There’ll probably never again be a film with the feverish level of anticipation of this one. The revival of the biggest franchise in film history, after nearly twenty years, rode the tail of hugely successful re-releases, and came just as the internet, and sites like Ain’t It Cool News, were coming of age. Even the trailer felt like a massive event. Which all meant that the film just felt like a bigger let down. Unlike some of these films, it has a couple of redeeming features--the podrace sequence is an outstanding set-piece, and the fight at the end is one of the best in the series, thanks in part to Ray Park’s striking villain Darth Maul. But the rest is a sterile bore (a trade embargo, you say? How THRILLING!), with very little of the grimy, playful joy of the original films, and way more casual racism (Jar-Jar gets the press, but the Asian-accented villains, and Arab-ish scrap dealer Watto are worse). And the performers, even ones more talented than young Jake Lloyd, are tangibly drowning in green screen. All of the prequels are bad, but this rivals the Christmas Special as the absolute low watermark for the entire franchise. Plus side: it gives J.J. Abrams a lower bar to clear come December 2015.

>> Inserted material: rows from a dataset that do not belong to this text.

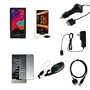 Zune HD 16GB 32GB Accessories. Premium Essential Accessory Kit for Zune HD: Black Skin Case + Clear Skin Case + Car Auto Charger + Wall Home Travel Charger + Highspeed USB Cable + Screen Protector + Crazyondigital Neck String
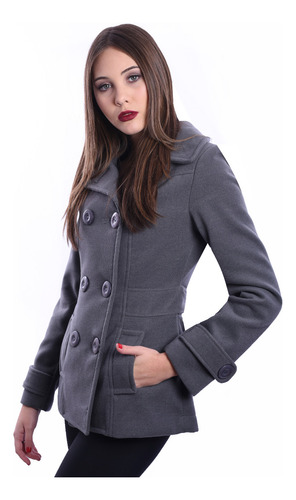 Tapado Mujer Paño Saco Abrigo Nuevo Way Voo Campera Moda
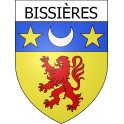 Adesivi stemma Bissières adesivo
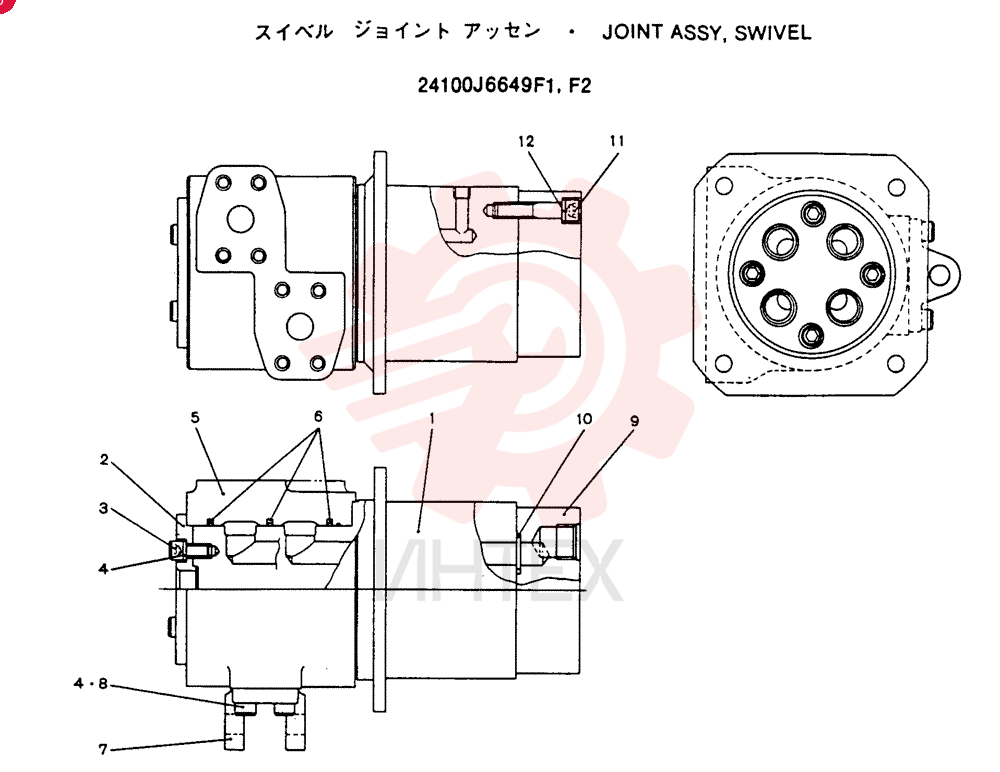 JOINT ASSY, SWIVEL 24100J6649F1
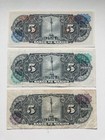 Banco De Mexico Five Pesos Currency Lot Uncirculated And Circulated 1958  1961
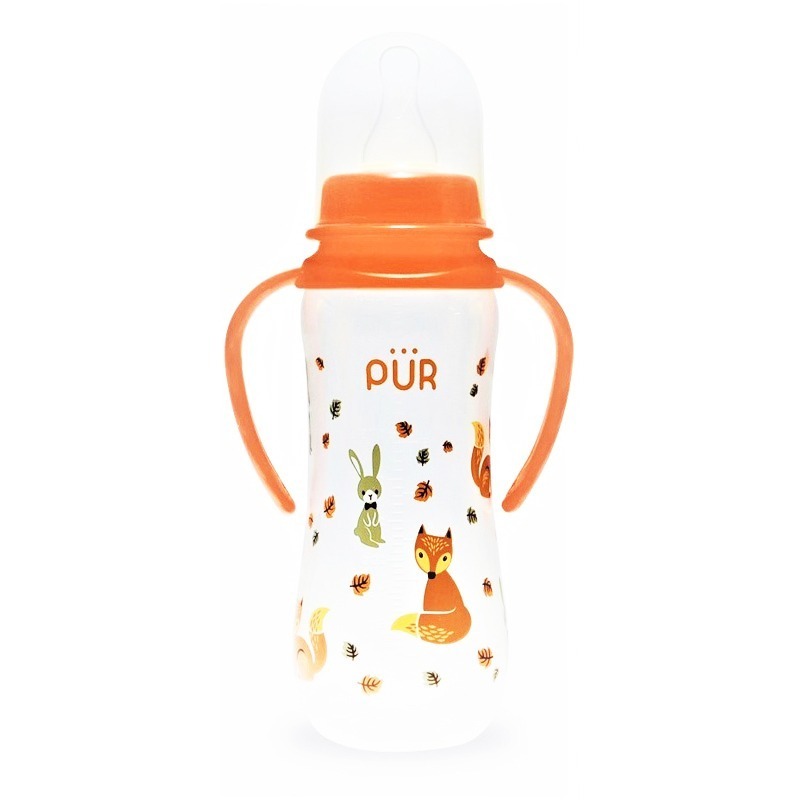 Drinking Bottle with Handle Standard Neck 250ml - Orange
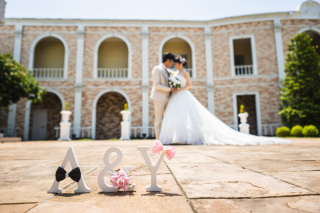 ＊ イニシャルオブジェを使用した撮影カット/洋装編 ＊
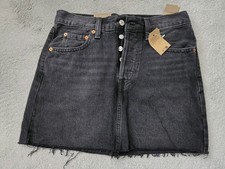 Levi's Women's Black Mini Denim Icon Skirt - W25" - New With Tags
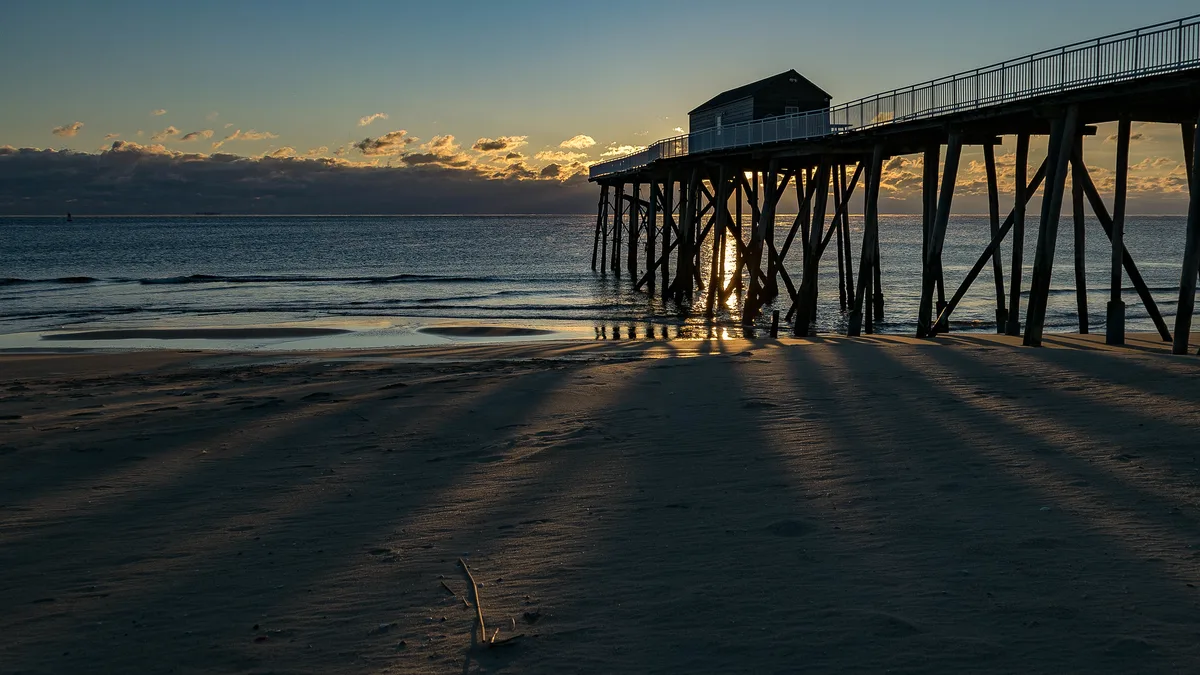 Belmar Beach, Belmar Borough, US Mid-Atlantic Coast, United States — 2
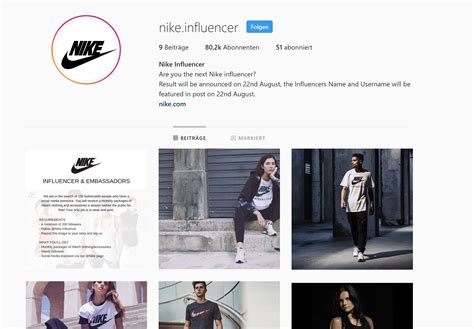 nike influencer instagram fake|nike endorsements list.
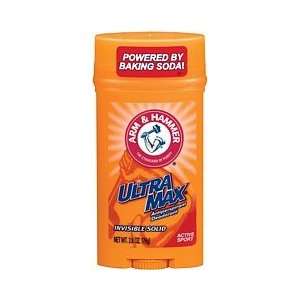  Arm & Hammer UltraMax Invisible Solid Active Sport 2.8oz 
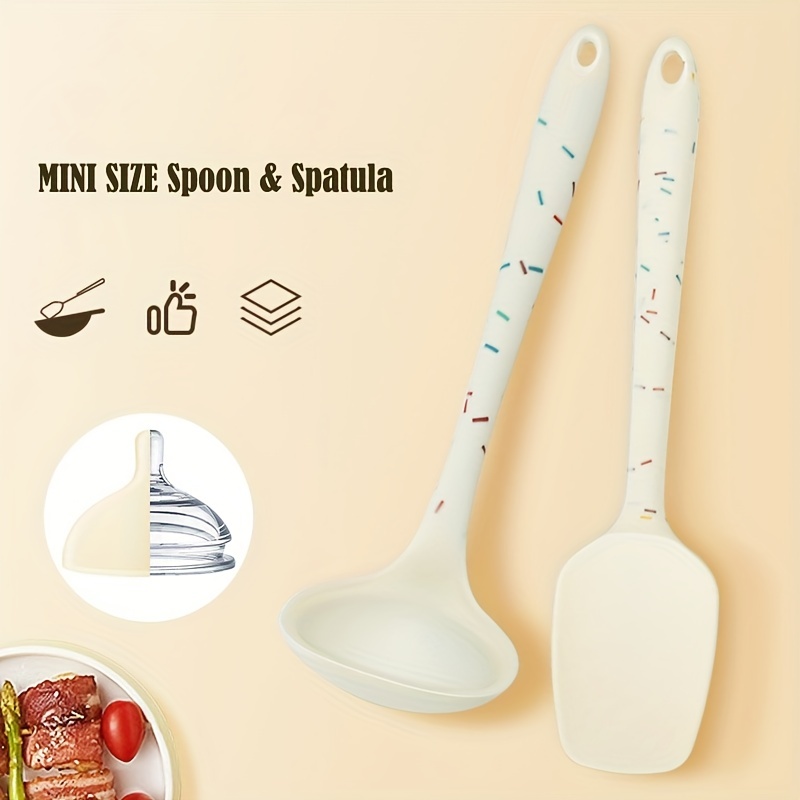 Farberware Cooking Utensils -White Nylon Slotted Turner & Basting Spoon Set  -NEW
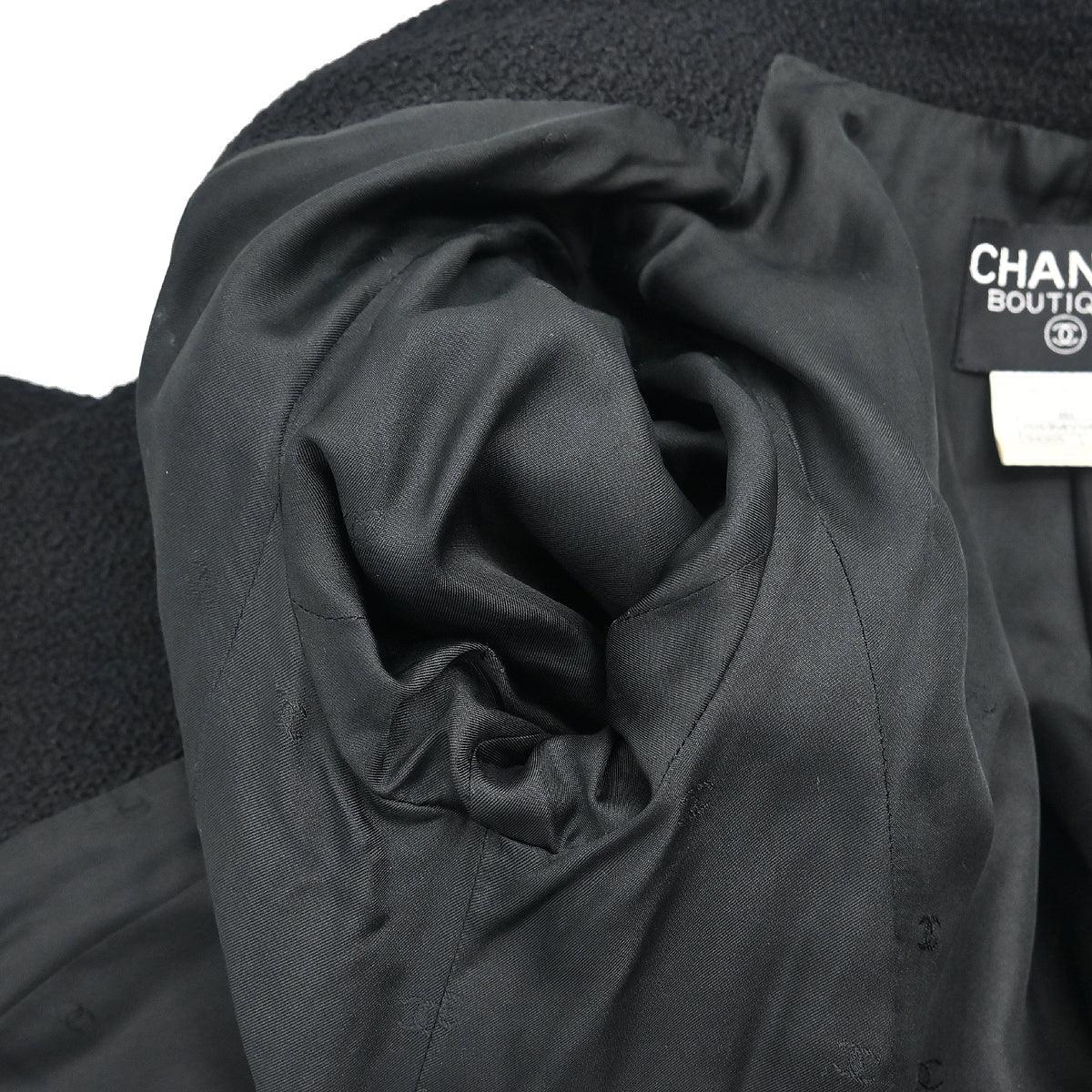 Chanel 1995 Double Breasted Jacket Black #40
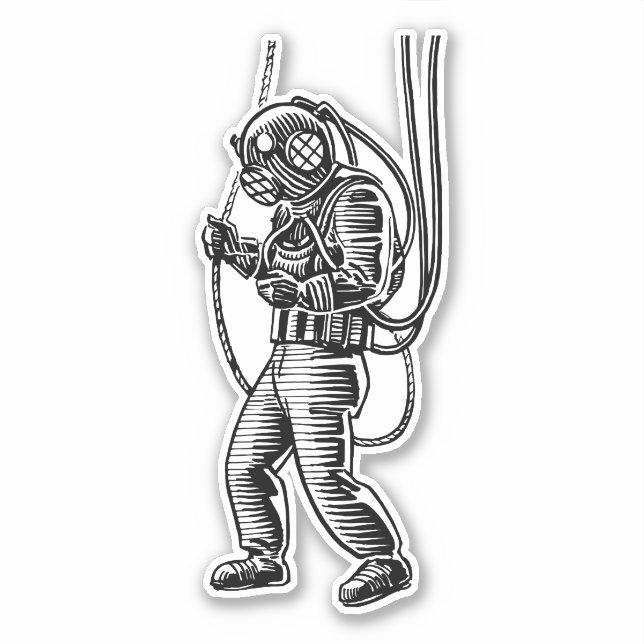 Dive into Nostalgia: Vintage Deep Sea Diver (Front)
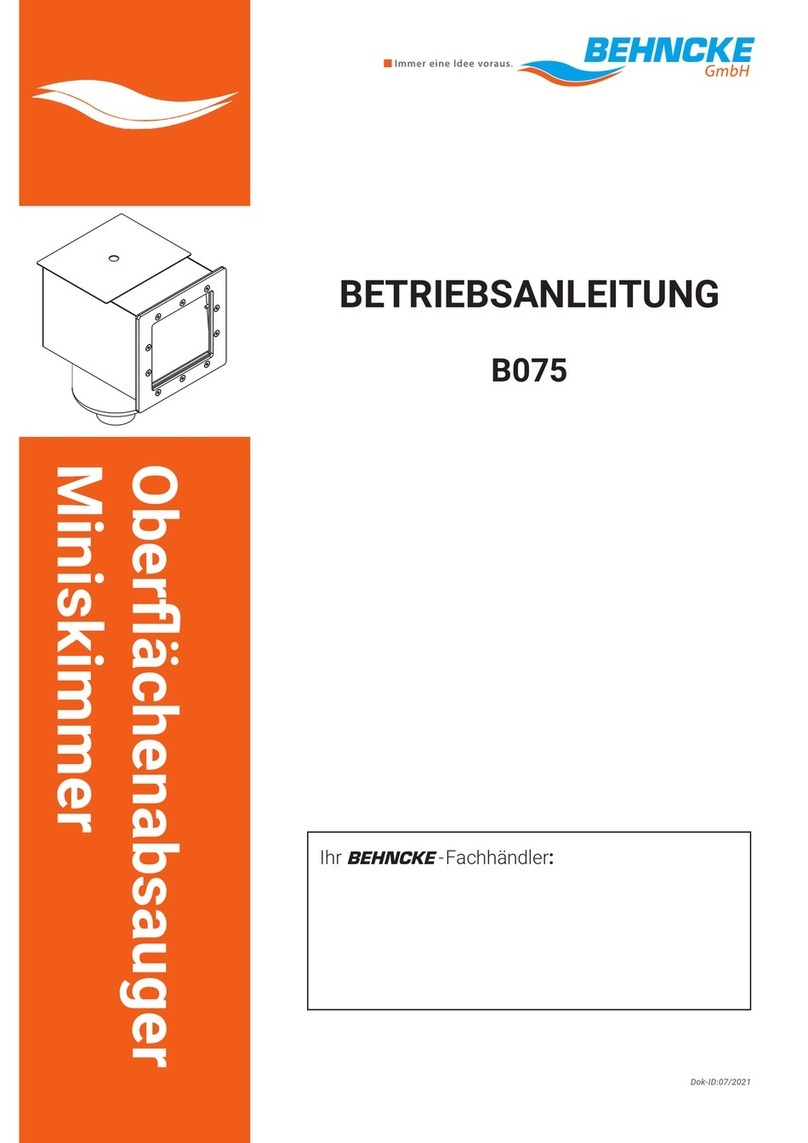 Behncke B075 instruction manual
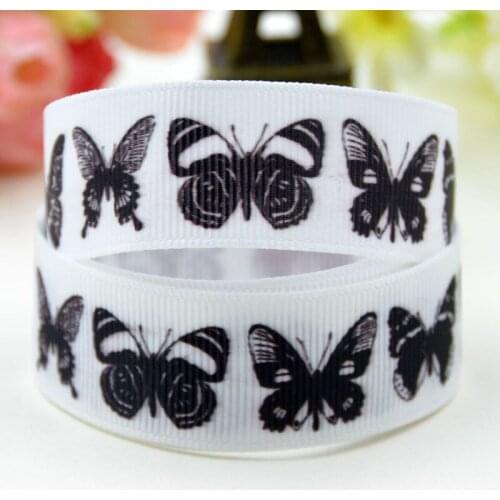 22mm 25mm 38mm 75mm Ruban satin Butterfly Cartoon Character printed Grosgrain Ribbon party decoration X-01576 10 Yards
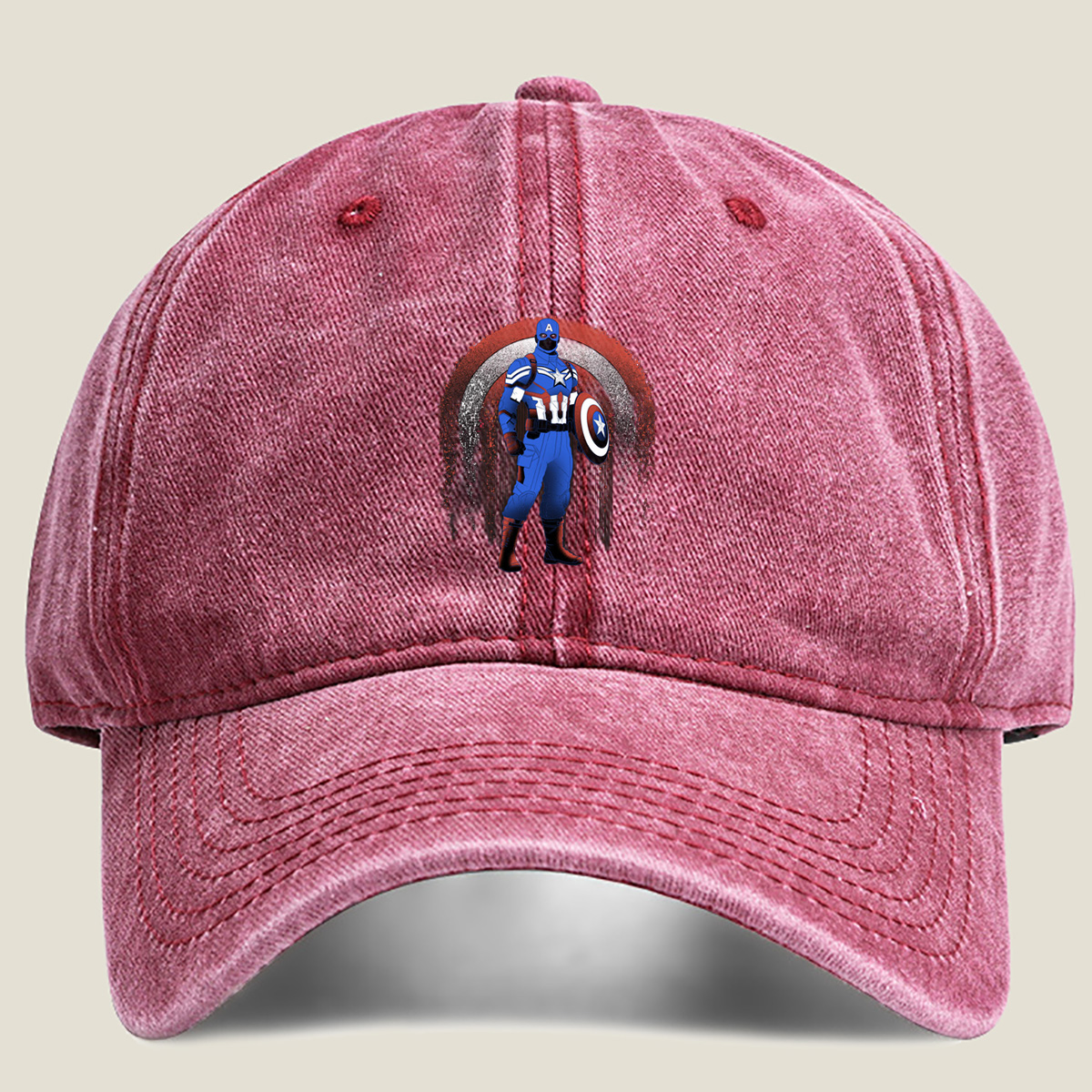 Captain America: The First Avenger - Washed Denim - Baseball Cap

Nadir: Every excruciatingly stiff line-reading. It seems no one on set had the balls to echo Harrison Ford, and tell the director “you can type this shit, George, but you sure can’t say it.”
Though “The Amazing Spider-Man 2” makes a pretty good fist of getting close to it, it feels unlike we’ll ever see a worse superhero movie than “Batman & Robin,” a monumentally ill-conceived disaster zone that still astonishes with how entirely unsuccessful it is at every single level. After the darkness of Tim Burton’s “Batman Returns” unnerved Warner Bros. executives, Joel Schumacher gave the franchise a fresh-lick of kid-friendly paint with 1995’s “Batman Forever,” presumably to their delight, because whatever was wrong with that film is doubly so in the follow-up. Every costume and set seems designed as a toy first and as something to be shown on screen second, Akiva Goldsman’s screenplay appears to be inspired by a deranged child’s retelling of a plot from the 1960s TV series, and even the action is atrocious. The dark and gritty way of the subsequent Christopher Nolan films isn’t the only way to paint the character, but the pantomime of “Batman & Robin” is certainly the worst of all possible scenarios.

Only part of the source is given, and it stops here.